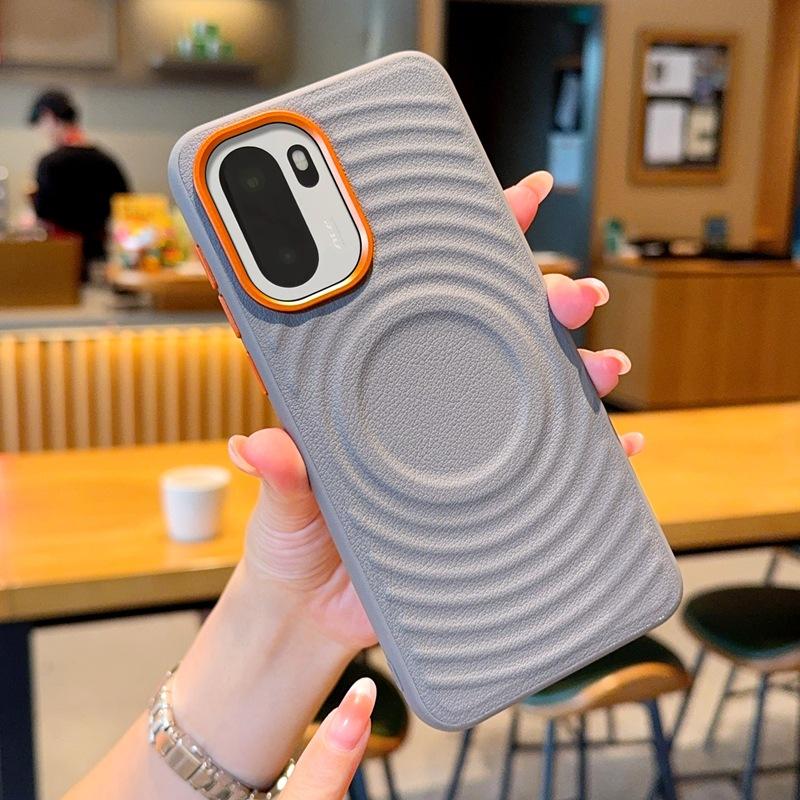 Applicable to OnePlus Ace6 Supreme Edition ripple mobile phone case OnePlus Ace6 magnetic case OnePlus 15R water ripple hard case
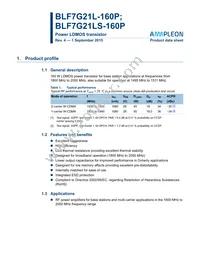 BLF7G21L-160P Datasheet Cover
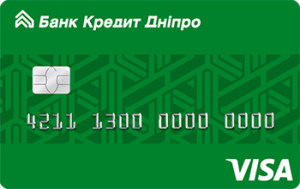 Банк Кредит Дніпро Дебетна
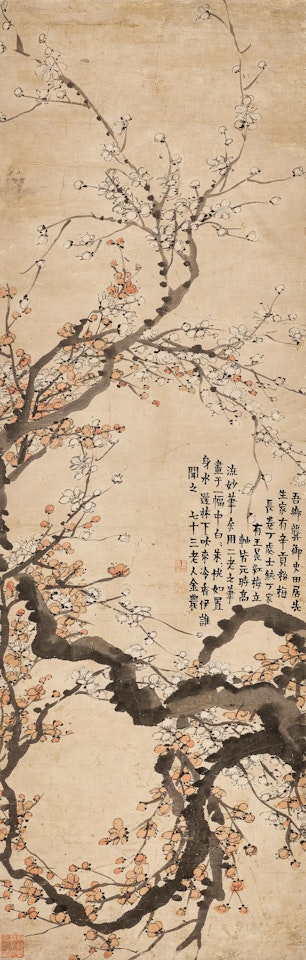 Plum Blossoms by Jin Nong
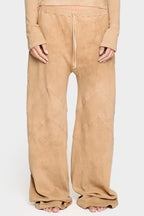tannin brown organic cotton loose pants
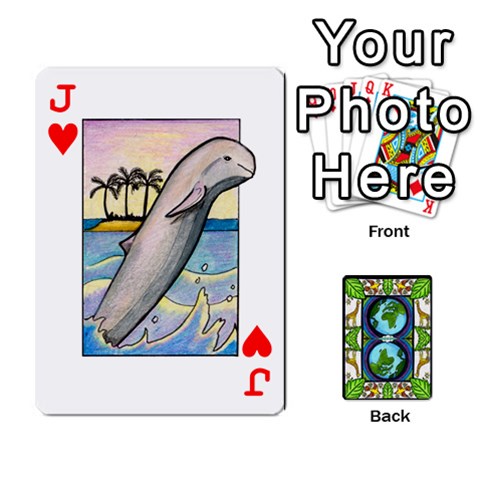Jack Animals Poker Set By Angela Front - HeartJ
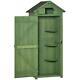 Outsunny Wooden Garden Storage Shed Tool Storage Box, 77 x 54 x 179 cm, Green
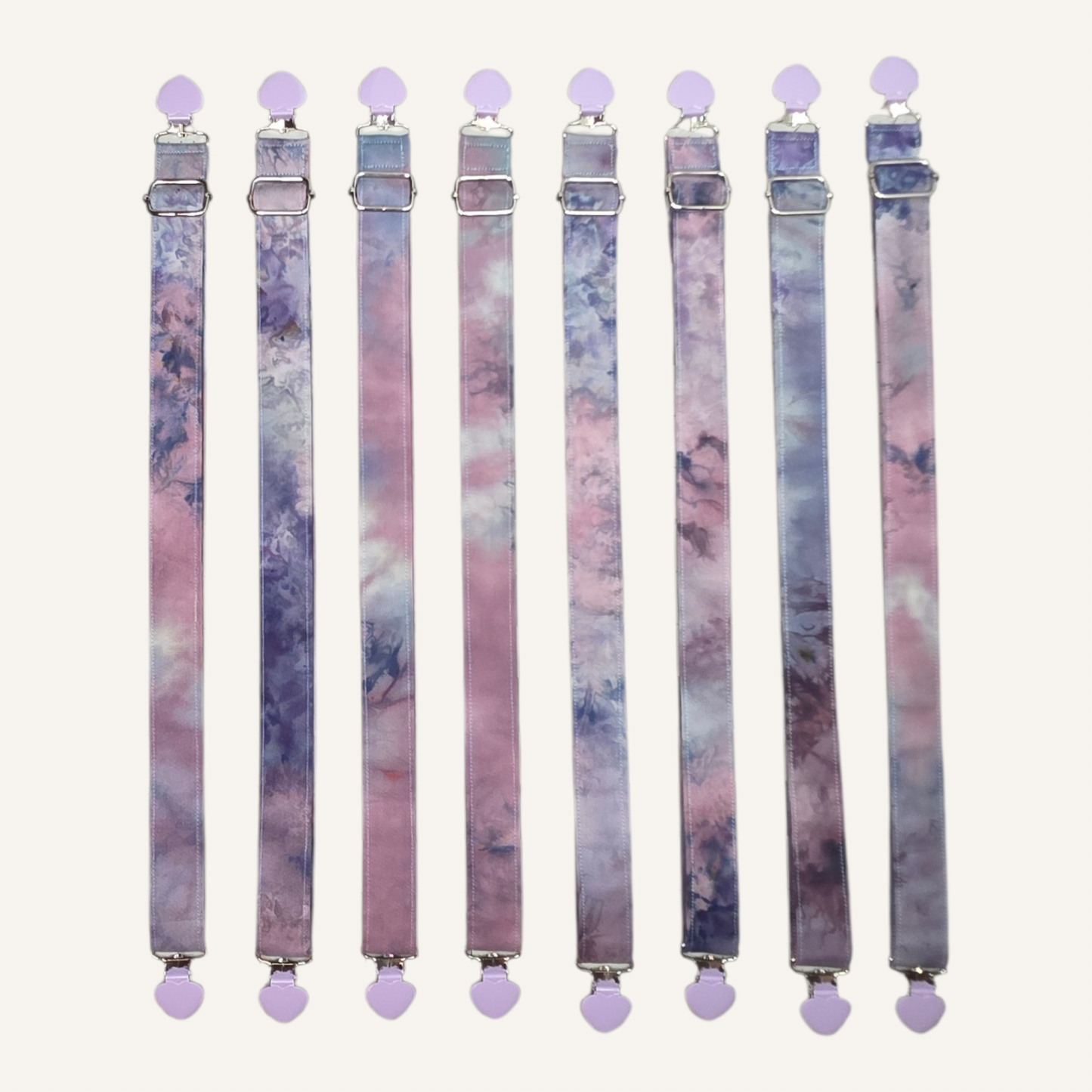 Interstellar x Avalon Strap with Purple Heart Clasps – Hand Printed Limited Drop (Sold Individually)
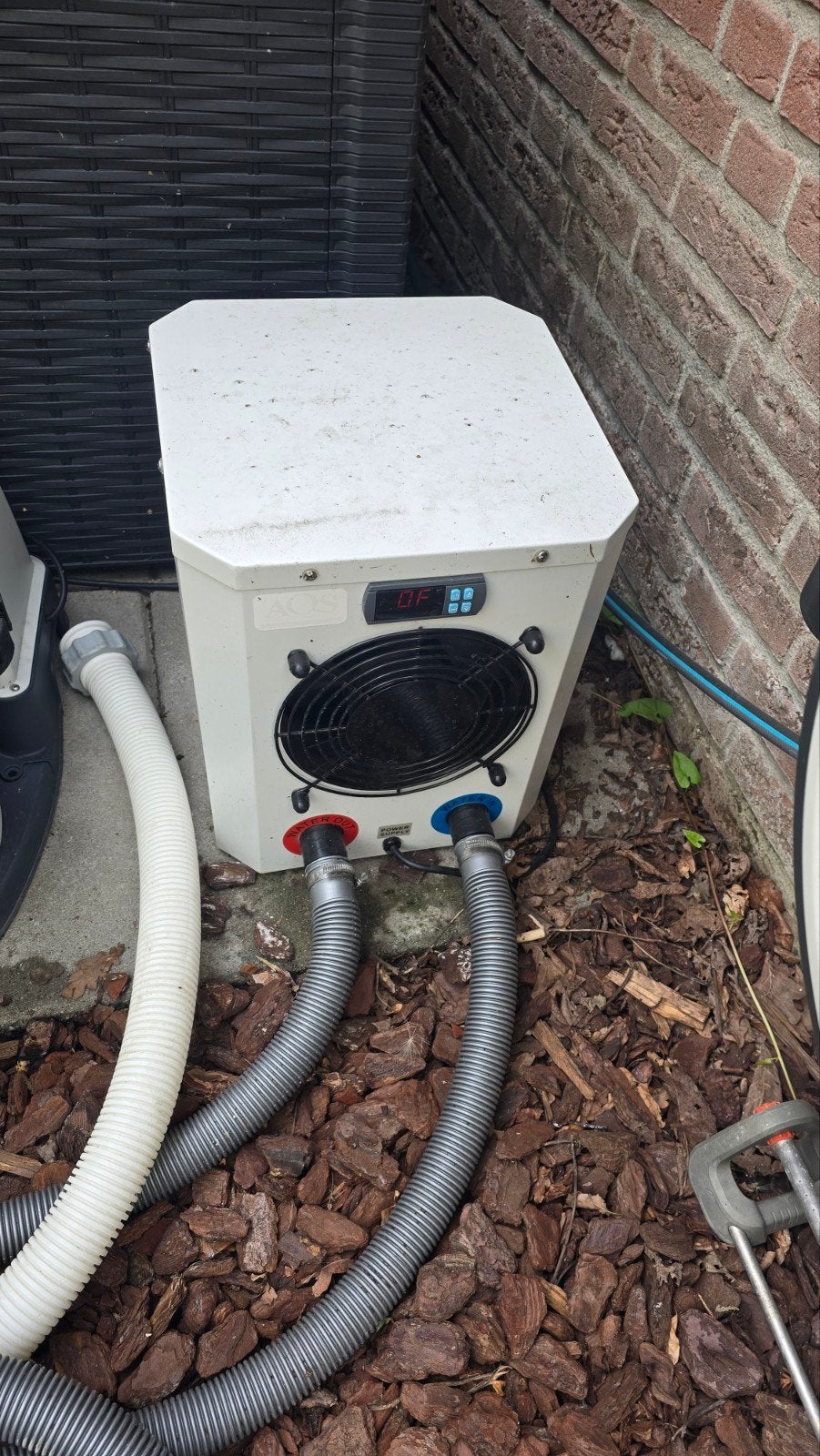 Zwembad met robotstofzuiger, warmtepomp en zandfilterpomp, Tuin en Terras, Zwembaden, Ophalen, Gebruikt, 80 tot 120 cm, Rond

_The task_
Apart from the pictures, all of the data must be duplicated exactly as shown above.

_Expected answer_
 Applicable to OnePlus Ace6 Supreme Edition ripple mobile phone case OnePlus Ace6 magnetic case OnePlus 15R water ripple hard case
 BLF7G21L-160P Datasheet Cover
 Банк Кредит Дніпро Дебетна
 Plum Blossoms by Jin Nong
tannin brown organic cotton loose pants
Jack Animals Poker Set By Angela Front - HeartJ
 Outsunny Wooden Garden Storage Shed Tool Storage Box, 77 x 54 x 179 cm, Green
 Interstellar x Avalon Strap with Purple Heart Clasps – Hand Printed Limited Drop (Sold Individually)
 Zwembad met robotstofzuiger, warmtepomp en zandfilterpomp, Tuin en Terras, Zwembaden, Ophalen, Gebruikt, 80 tot 120 cm, Rond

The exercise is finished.